Fox News Host Attacks White House for Getting War Messaging Wrong

LOSING FOCUS

The Trump administration is still attacking “fake news” even as an actual conflict rages on.

Fox News’ Dana Perino has blasted the Trump administration for being too preoccupied with media coverage surrounding the war in Iran.

Speaking on Wednesday’s episode of The Five, Perino, a former White House press secretary in the George W. Bush administration, said Donald Trump’s team is getting “too hung up” on press negativity when it should be focused on other messaging surrounding the Middle East conflict.

“I consume a lot of media, and I know there are some bad actors in the media. But overall, I have to say, I feel like there’s a ton of coverage. I don’t think it’s all negative across the board,” Perino said. “Some of it, yes, like [asking] ‘When is it going to be over?’”

People walk past damaged buildings following a strike on a police station, amid the U.S.-Israeli conflict with Iran, in Tehran, Iran, March 4, 2026.
More than 1,000 Iranians and six U.S. troops have died in the conflict since Saturday. Majid Khahi/ISNA/WANA (West Asia News Agency) via Reuters

“[Secretary of State] Marco Rubio has been very good. General [Dan] Caine, very good, Secretary of War Pete Hegseth—they’re doing regular briefings. Now [White House press secretary] Karoline Leavitt is out there. CENTCOM’s briefings have been amazing,” Perino added.

“If you’re in the administration and you’re getting really hung up on what you think the ‘enemy in the mainstream media’ is saying about you, you’re focusing way too narrowly. I don’t think the coverage of it is that bad at all.”

Perino’s remarks come as Hegseth complained that media reports about the U.S. servicemembers who have already been killed under “Operation Epic Fury” are only meant to make Trump “look bad.”

“We’ve taken control of Iran’s airspace and waterways without boots on the ground. We control their fate. But when a few drones get through or tragic things happen, it’s front-page news again,” Hegseth said.

“I get it, the press only wants to make the president look bad. But try for once to report the reality.”
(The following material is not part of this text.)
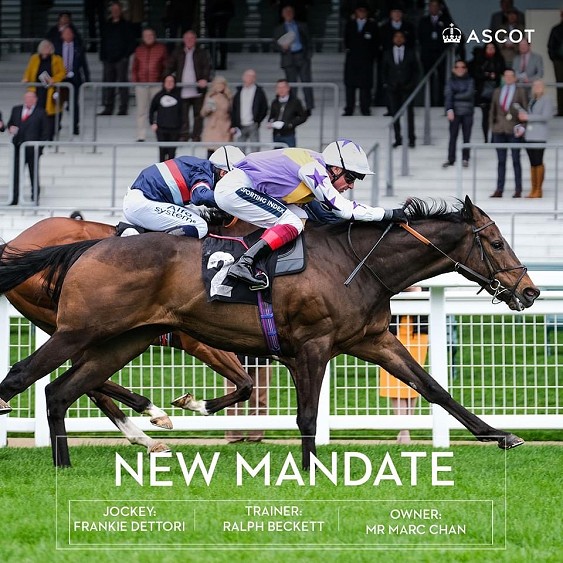 New Mandate, Listed Paradise Stakes (Queen Anne Trial)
U.S. Secretary of Defense Pete Hegseth holds a briefing amid the U.S.-Israeli conflict with Iran, at the Pentagon in Washington, D.C., U.S., March 2, 2026.
Pete Hegseth took shots at the press while the names of four of the six American troops killed in “Operation Epic Fury" were released. Elizabeth Frantz/Reuters

Hegseth’s comments were raised later Wednesday during Leavitt’s first briefing with reporters since the U.S. launched its attacks against Iran.

CNN’s Kaitlan Collins asked whether the administration would prefer that the press not cover the deaths of six U.S. servicemembers in a war that Trump has struggled to justify or give any real timeline for.

“No, it’s the position of this administration that the press in this room and the press across the country should accurately report on the success of Operation Epic Fury and the damage it is doing to the rogue Iranian regime that has threatened the lives of every single American in this room,” Leavitt said.

Collins reiterated that Hegseth was “complaining” that it was front-page news that six U.S. troops had already been killed in the war.

“That’s not what the secretary said, Kaitlan, and that’s not what the secretary meant, and you know it,” Leavitt said. “You know you are being disingenuous. We’ve never had a secretary of defense who cares more.”

Collins then read out Hegseth’s exact remarks about the press wanting to make the president “look bad,” to which an irate Leavitt responded: “The press does want to make the president look bad—that’s a fact—especially you, and especially CNN.”